Records shown below:
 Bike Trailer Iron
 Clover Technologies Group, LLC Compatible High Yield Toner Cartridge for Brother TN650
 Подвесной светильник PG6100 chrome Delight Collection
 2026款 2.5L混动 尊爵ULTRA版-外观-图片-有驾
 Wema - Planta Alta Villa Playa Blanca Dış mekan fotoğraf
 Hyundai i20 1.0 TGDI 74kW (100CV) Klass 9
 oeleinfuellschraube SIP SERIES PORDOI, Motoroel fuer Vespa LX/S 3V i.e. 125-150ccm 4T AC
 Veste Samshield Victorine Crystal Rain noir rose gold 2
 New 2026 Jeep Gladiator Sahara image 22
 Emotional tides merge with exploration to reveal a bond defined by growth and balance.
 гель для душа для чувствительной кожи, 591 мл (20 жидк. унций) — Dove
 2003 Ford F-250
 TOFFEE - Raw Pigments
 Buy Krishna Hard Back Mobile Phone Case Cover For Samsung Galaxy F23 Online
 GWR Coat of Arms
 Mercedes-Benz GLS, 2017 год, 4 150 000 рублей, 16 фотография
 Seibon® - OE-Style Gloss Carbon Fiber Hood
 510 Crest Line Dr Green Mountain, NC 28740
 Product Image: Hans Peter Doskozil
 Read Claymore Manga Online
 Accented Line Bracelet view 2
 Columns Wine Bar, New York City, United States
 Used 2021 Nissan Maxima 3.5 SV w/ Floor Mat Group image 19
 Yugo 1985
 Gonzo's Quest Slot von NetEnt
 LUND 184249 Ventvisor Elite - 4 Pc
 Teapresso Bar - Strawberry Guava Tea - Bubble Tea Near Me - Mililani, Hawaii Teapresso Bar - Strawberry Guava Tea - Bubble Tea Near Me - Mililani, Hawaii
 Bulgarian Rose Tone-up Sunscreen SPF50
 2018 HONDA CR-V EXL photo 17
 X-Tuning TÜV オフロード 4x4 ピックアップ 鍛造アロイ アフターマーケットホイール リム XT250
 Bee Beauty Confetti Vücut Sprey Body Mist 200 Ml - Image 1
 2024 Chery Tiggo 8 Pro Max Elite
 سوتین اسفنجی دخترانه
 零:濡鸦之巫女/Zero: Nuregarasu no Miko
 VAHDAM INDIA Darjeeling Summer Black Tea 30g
End of Records shown.
◆ **Goal of the exercise**
Could you return all lines from the data above that contain the string "Elite"?

◆ **Task output**
 LUND 184249 Ventvisor Elite - 4 Pc
 2024 Chery Tiggo 8 Pro Max Elite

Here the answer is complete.